The reform movement in Iran is in shackles and behind bars. Armed with the Sepah, Basij and plain-clothes forces the Ahmadinejad government has arrested our leaders, intellectuals, activists and students. Many have been killed, tortured and raped. All publications that reported about and criticized the government and its abusive ways have been shut down. The coup d’état regime has raided offices and party headquarters to get rid of evidence gathered against it.

That is why we, who enjoy freedom outside the motherland, have to stand up and defend our reform and freedom-seeking compatriots. The more they are silenced, the more it is up to us to speak up about their cause, our cause, of freedom and respect for civil liberties in Iran. To show our outrage at what has happened in Iran is our right, indeed our duty. We, who claim to love that land, to love what is good about it, to love her history, her culture, her food, her poetry and her wonderfully diverse people, we need to show our love, not just utter it. We need to go to New York and show the world how many we are. We need to go to New York stand in front of the UN headquarters and show the world that there is another Iran.
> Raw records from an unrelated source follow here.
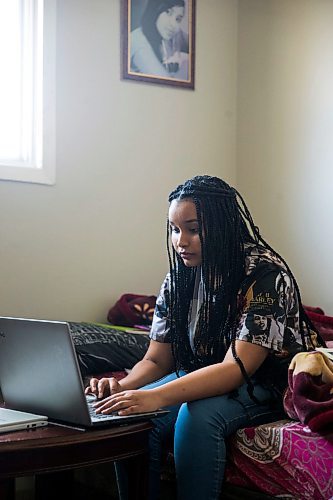 MIKAELA MACKENZIE / WINNIPEG FREE PRESS

Nyat Birhane, a grade 11 student at St. John's High School, poses for a portrait in her home in Winnipeg on Thursday, April 30, 2020. Nyat and her older sister do their schoolwork in the bedroom, where they also share a laptop. For Maggie Macintosh story.

Winnipeg Free Press 2020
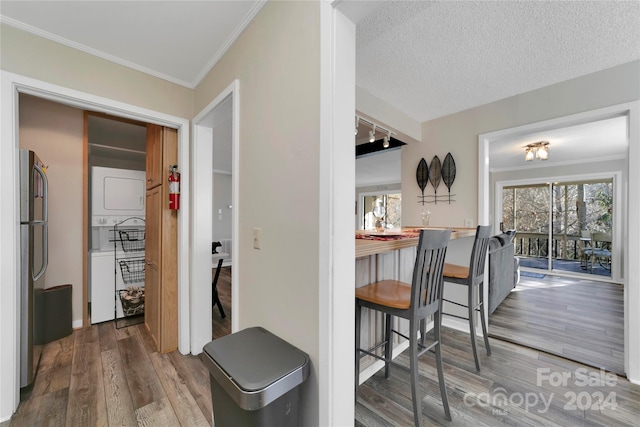 kitchen with rail lighting, stainless steel fridge, ornamental molding, a textured ceiling, and wood-type flooring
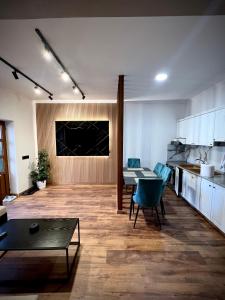 a living room with a table and chairs and a kitchen at Pogradeci Lake Guest House in Pogradec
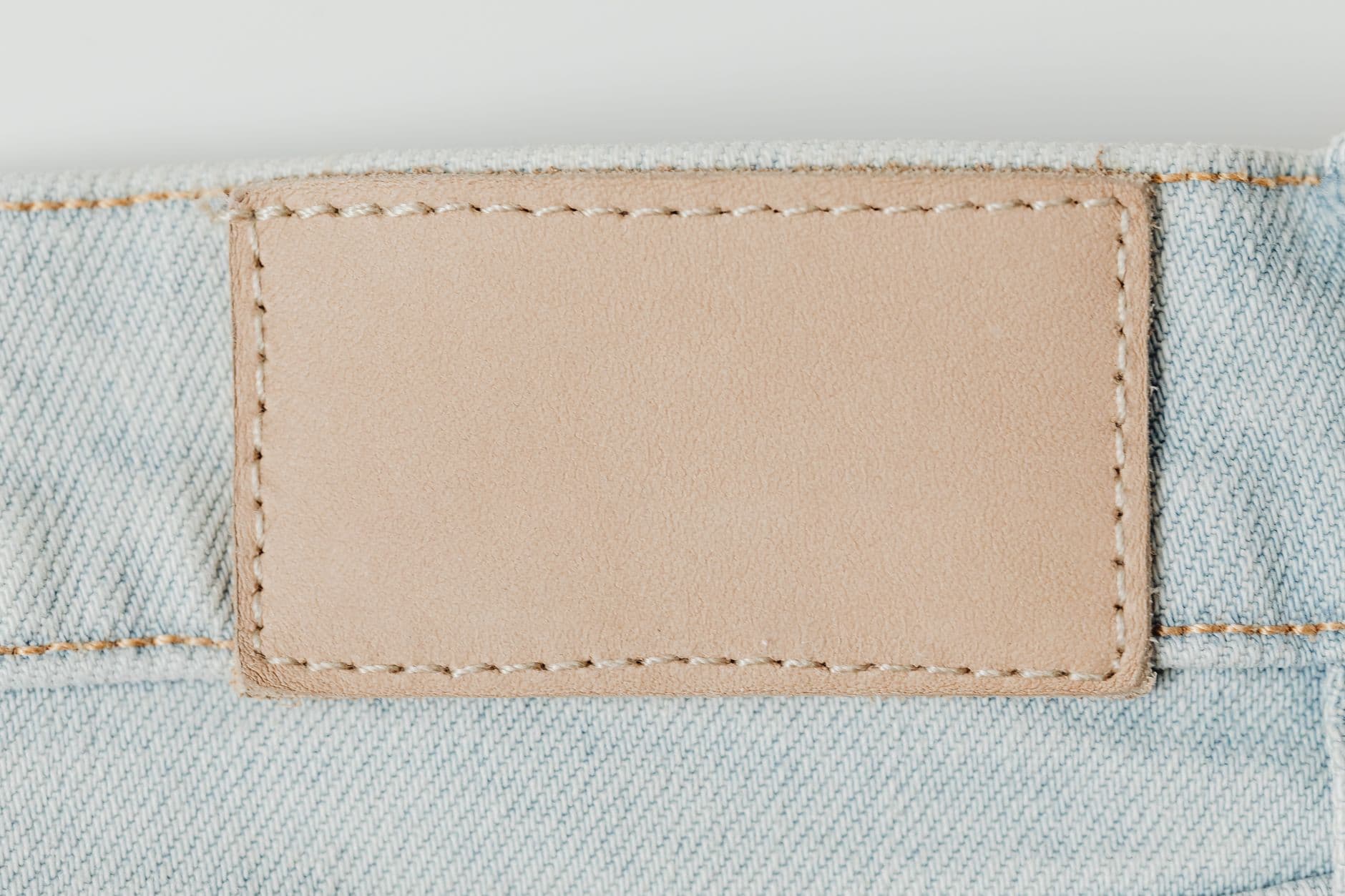 Macro shot of light denim jeans with a blank leather patch for branding.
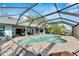 Large, kidney-shaped pool with screened enclosure, overlooking the water at 6613 Seabird Way, Apollo Beach, FL 33572
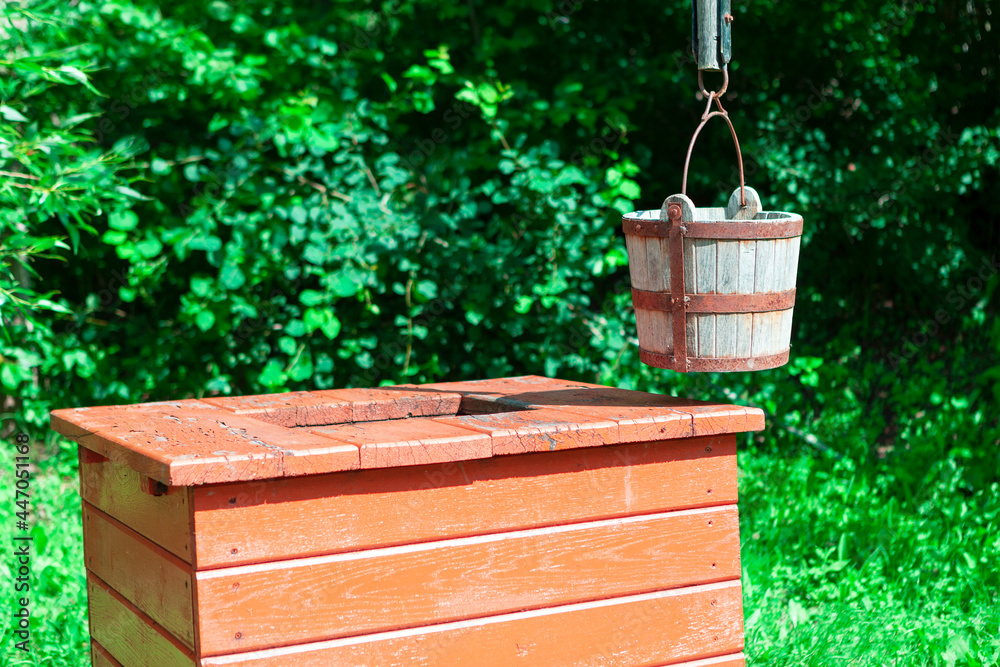 Well with wooden bucket . Drinking water source Well with wooden bucket . Drinking water source
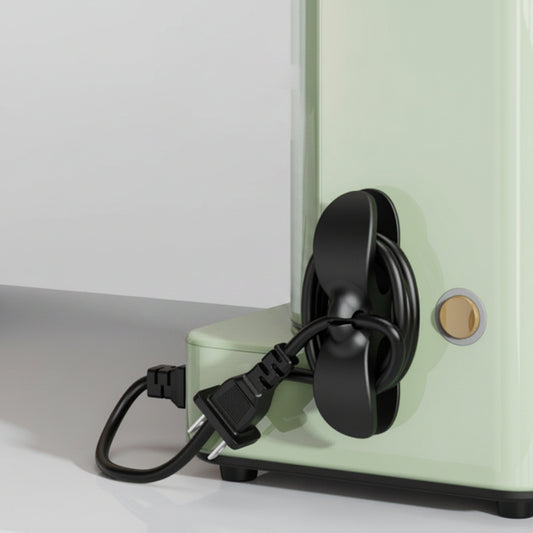 Black appliance cable organizer attached to a kitchen air fryer for neat cord management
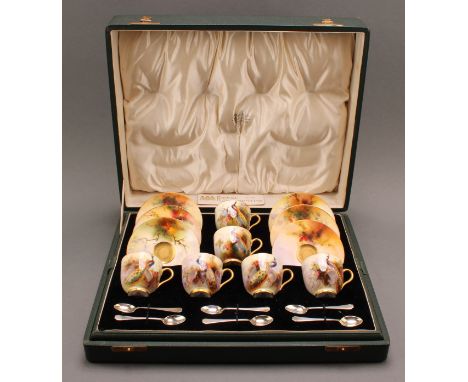 A set of six Royal Worcester coffee cups and saucers, painted by Reginald Austin, signed, with peacock perched in a pine tree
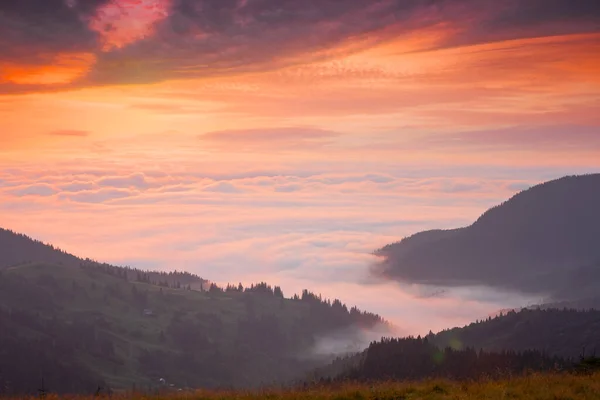 Picchi montuosi sopra le nuvole al tramonto — Foto Stock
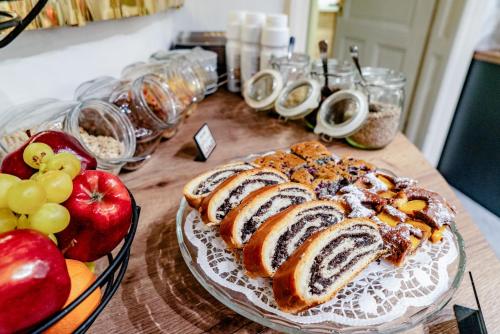 a table topped with a loaf of bread and fruit at Elisabeth Old Town in Bratislava
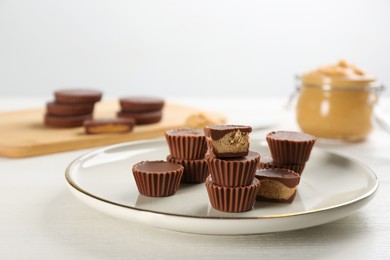 Cut and whole delicious peanut butter cups on white table Photo of Cut and whole delicious peanut butter cups on white table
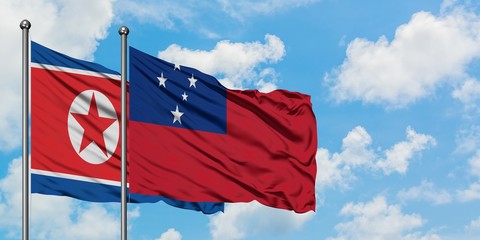 North Korea and Samoa flag waving in the wind against white cloudy blue sky together. Diplomacy concept, international relations.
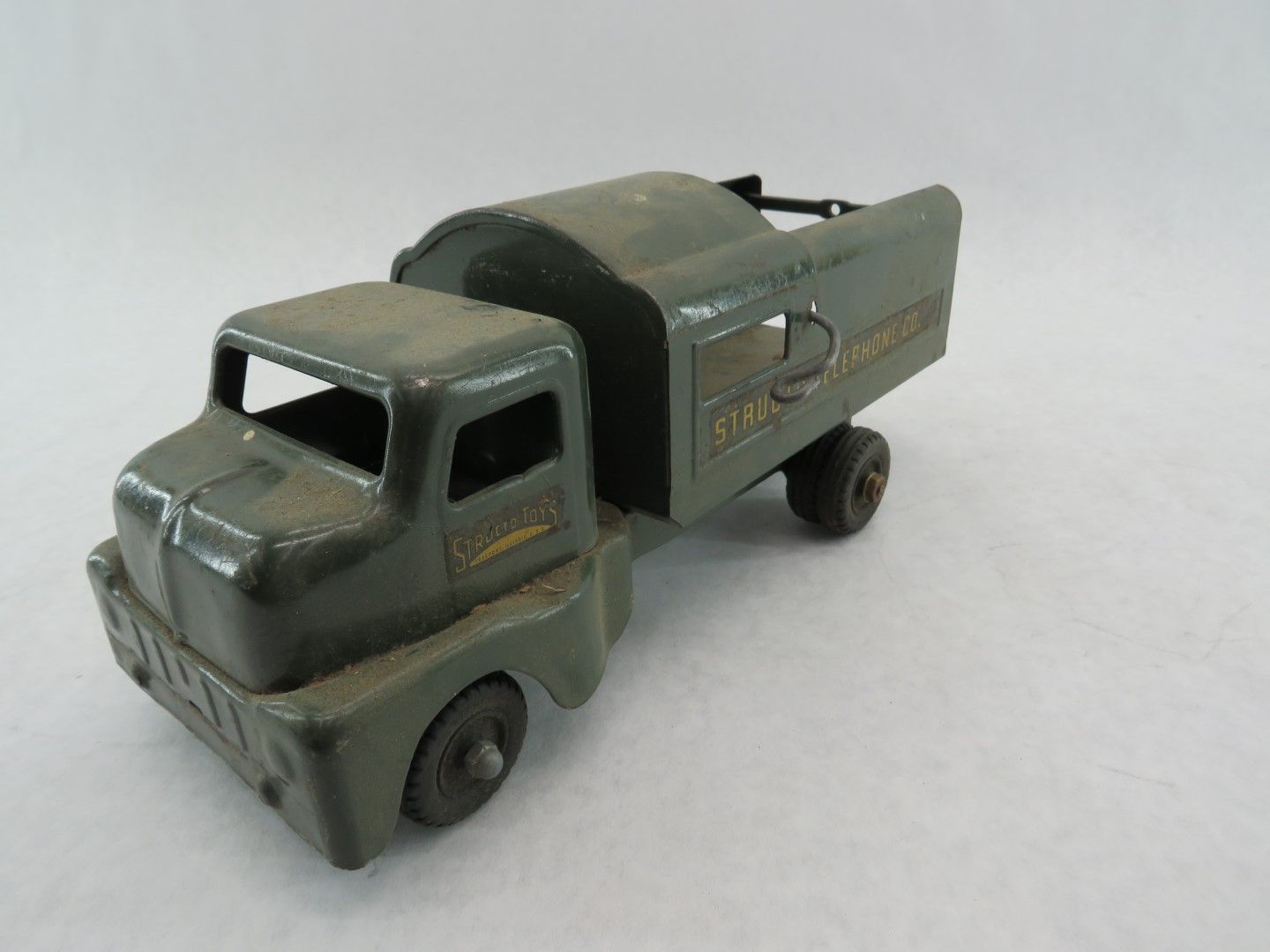 Green vintage toy truck with a raised cargo bed.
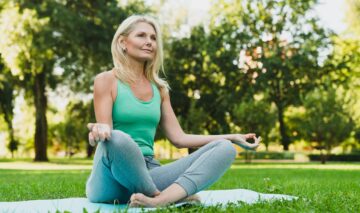 O femeie care are peste 50 de ani și stă în parc în timp ce practică yoga
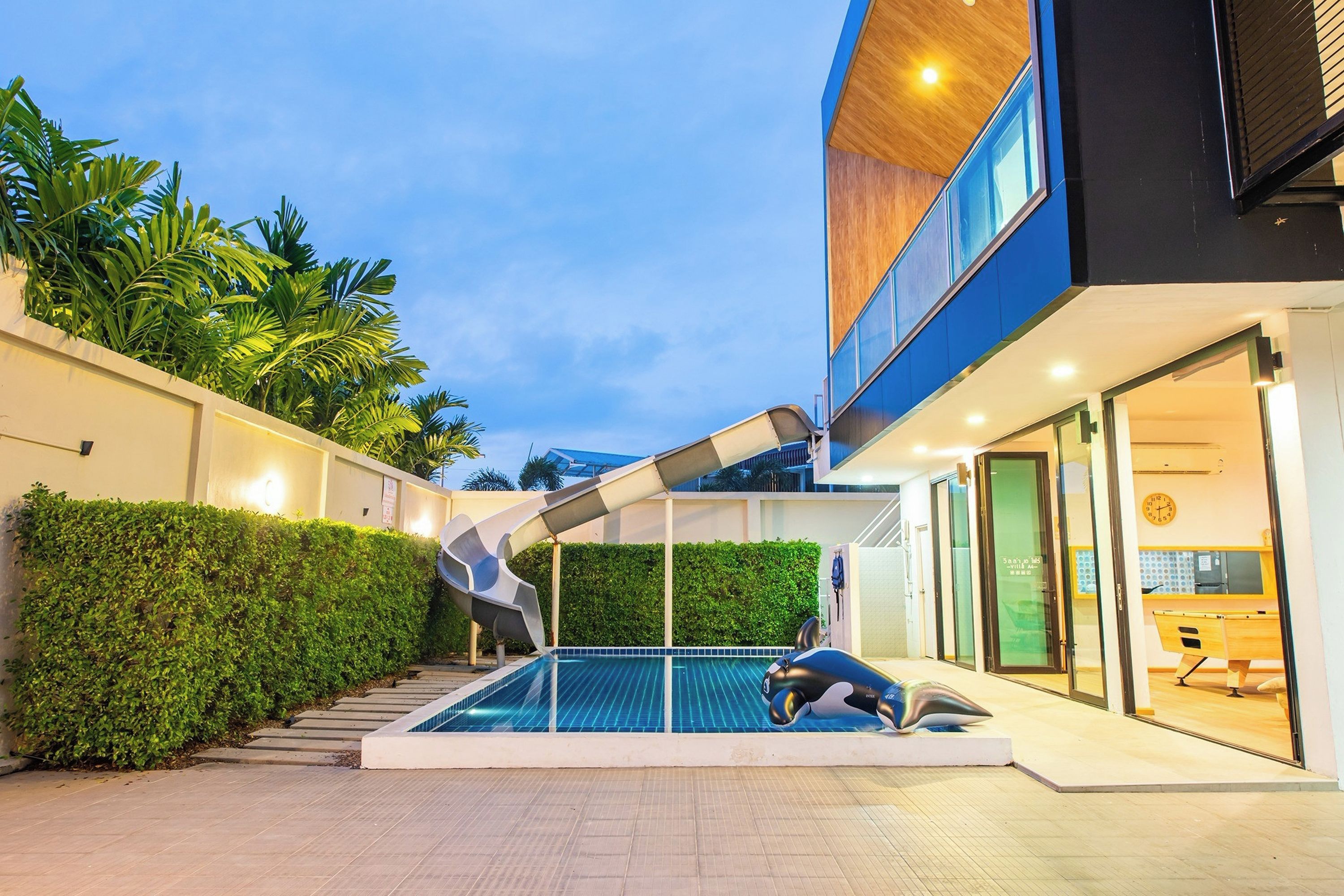 A modern building with a pool, a slide, and a staircase leading to the upper level.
There is an Iran who seeks freedom and justice, one who is caring and compassionate, one who rejects Ahmadinejad, Khamenei and the IRGC. We inside and outside Iran are that Iran, the Iran who has no arms, no one holy book, who is not even united under one ideology or religion but an Iran who is compassionate, fair and forward thinking. An Iran who wants to move on. An Iran who wants to move out of the byzantine labyrinth of religious dictatorship, an Iran who wants to send its bright youth to schools and universities where they can learn in peace and freedom. We ARE that Iran and those of us who are outside, who enjoy the freedom that our compatriots inside are systematically denied, need to stand up for that Iran.

We need to stand up for this other Iran that exists in all our hearts. This Iran that, though it may not have physical reality, does have a long history. This fair, kind, friendly and free Iran we have all held inside us for too long. This Iran whose physical manifestation has always been denied us, but whose spiritual presence all of us not only feel but represent. We are those Iranians the world has come to know because of our presence in the four corners of the globe since we started to take refuge from the Islamic Republic at its very inception 30 years ago. Our numbers only keep getting bigger.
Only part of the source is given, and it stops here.